The European Union is a transnational system of government in which sovereignty is shared between member states and supranational institutions. The relationship between these and the member states continues to vary over time due to the fluctuating way in which the different member states accept the European body that sometimes leaves them with the impression that they are being browbeaten, in addition to the rather substantial support of the people of Europe for the integration process. Olga Gioti-Papadaki has held the Jean Monet Chair at the Department of Economic and Regional Development at Pantheon University in Athens since 1997. In this book she explains that the process is also the result of an increasing and continual interdependency observed since the 1950s. Despite the obvious differences between the different member states and the fact that the Union's powers remain limited, the member states have, nonetheless, transferred a significant part of their prerogatives to the supranational institutions and have subsequently and voluntarily reduced their independence or, at least, made it stronger by sharing it. In an effort to maximise the positive effects of European integration, this eminent teacher explains that it is necessary to strengthen the cohesion of the whole, given that the successive enlargements have increasingly threatened to make the Union a heterogeneous entity and undertaking.

(AKa)

*** MAKIS ANDRONOPOULOS: Le Syndrome allemand. La Grèce et l'Europe contre la particularité allemande. Editions Taxideftis (10 rue Valtetsiou, GR-10680 Athens. Tel: (30-210) 3638616 - fax: 3638617 - Email: info@taxideftis.gr - Internet: http://www.taxideftis.gr ). 2015, 392 pp. €19.17. ISBN: 978-960-9692-25-0.

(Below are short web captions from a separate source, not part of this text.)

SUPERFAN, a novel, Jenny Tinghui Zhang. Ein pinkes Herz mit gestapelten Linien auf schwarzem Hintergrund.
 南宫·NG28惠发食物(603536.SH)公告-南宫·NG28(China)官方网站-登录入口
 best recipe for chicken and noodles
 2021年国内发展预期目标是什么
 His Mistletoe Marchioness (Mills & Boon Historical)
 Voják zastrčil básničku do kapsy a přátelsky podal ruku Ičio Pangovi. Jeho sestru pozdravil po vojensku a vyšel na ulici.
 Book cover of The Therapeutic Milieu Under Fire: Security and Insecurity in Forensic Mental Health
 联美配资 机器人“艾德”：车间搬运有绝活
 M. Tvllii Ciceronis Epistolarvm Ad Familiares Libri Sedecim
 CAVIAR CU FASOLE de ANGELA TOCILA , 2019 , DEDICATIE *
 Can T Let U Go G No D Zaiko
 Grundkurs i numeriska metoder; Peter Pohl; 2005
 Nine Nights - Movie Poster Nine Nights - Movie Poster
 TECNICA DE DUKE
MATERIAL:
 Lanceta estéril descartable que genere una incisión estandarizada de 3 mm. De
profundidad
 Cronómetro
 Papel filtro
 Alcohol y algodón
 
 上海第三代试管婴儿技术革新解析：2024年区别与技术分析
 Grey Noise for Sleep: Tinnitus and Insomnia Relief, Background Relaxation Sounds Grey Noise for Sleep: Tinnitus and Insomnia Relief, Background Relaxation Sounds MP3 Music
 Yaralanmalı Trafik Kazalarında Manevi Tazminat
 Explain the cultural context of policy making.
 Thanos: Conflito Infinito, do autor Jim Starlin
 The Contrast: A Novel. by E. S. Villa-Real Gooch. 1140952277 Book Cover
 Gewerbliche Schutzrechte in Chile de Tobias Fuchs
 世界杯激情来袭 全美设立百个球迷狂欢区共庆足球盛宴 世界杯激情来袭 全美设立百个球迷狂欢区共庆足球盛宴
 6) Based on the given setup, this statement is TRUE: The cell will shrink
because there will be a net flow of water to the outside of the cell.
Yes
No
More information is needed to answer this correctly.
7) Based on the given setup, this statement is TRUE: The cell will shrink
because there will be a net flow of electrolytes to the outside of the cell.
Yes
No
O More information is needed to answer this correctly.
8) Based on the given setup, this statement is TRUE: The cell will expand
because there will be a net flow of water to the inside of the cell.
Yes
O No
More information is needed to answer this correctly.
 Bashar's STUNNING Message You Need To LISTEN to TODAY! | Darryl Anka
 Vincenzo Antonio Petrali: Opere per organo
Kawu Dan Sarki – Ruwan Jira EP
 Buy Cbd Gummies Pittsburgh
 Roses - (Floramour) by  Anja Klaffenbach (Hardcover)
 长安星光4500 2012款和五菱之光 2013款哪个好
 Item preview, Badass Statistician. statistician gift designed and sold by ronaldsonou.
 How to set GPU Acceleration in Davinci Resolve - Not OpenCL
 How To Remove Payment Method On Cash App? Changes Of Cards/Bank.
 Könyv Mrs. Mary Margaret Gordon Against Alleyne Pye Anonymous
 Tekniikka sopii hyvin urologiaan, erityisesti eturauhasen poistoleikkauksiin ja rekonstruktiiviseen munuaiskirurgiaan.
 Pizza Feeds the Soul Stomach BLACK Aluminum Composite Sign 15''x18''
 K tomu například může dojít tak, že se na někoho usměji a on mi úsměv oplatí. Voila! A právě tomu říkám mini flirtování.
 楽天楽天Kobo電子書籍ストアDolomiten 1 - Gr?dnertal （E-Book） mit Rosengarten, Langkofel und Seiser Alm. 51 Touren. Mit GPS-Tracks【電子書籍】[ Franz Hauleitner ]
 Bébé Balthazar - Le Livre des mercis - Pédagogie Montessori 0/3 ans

Who are, ultimately, the Germans? How have they lived over the course of Europe's history? Why are they considered by some to be the most metaphysical people of Europe? Why do others see Napoleon as the "father" of Germany? Who made Bismarck tremble and dragged Europe into the Great War? Are Kant and Hegel responsible for the Ideology of Nazism? In what way did Marx, Nietzsche and Spengler degrade German idealism? What is the myth of "internal exile"? Are those responsible for the atrocities committed in the crematoria of Greece Nazis or Germans? How and with what means was the "purging of the Nazis" operated after the war? The economist, Makis Andronopoulos, seeks to provide answers to these questions and many others from a wide variety of scientific sources and then commences to put them all together in this book. He is the head of several daily Greek newspapers and therefore sought to understand the origins for "German posturing" observed during the tension created by the economic policy imposed by Berlin on Greece and which began to drag the latter under. To this end he began an initiative to decode the strategy advocated by Germany and subsequently returned to a number of the fears expressed by General De Gaulle and the distances maintained by the British towards Germany, as well as the mysteries involved in the very strange relationship developed within the core of the Franco German driving force behind the assumed geo-economic power. The author also explores the new "religion" of rationalist eschatology and assumed hunger of the Germans for power, victory and domination, without even mentioning their incapacity to digest their defeats. Makis Andronopoulos interprets these events that, in his eyes, have demonstrated the rising power of a kind of post-modern fascism, new racism and bio-policy, with the targeting of the Greeks and Berlin's management of the Eurozone crisis bearing this out. This research reveals the mystical attraction that the South has exercised on Germans and compares what actually results from this attraction with the previous invasion by Hitler and today's economic domination, with Greece embodying more than ever the sun that should be placed in the eye of the German storm. This "German syndrome" was overtly and clearly expressed even within German philosophy itself and it remains, more than ever, as important but in new and different shapes within the Eurozone.

(AKa)

*** CHARIS PAMPOUKIS: A propos de l'espoir. Un plan national pour surmonter la crise. Editions Livanis (98 rue Solonos, GR-10680 Athens. Tel: (30-210) 3661200 - fax: 3617791 - Email: webmaster@livanis.gr - Internet: http://www.livanis.gr ). 2016, 336 pp. €14.90. ISBN 978-960-14-3025-6.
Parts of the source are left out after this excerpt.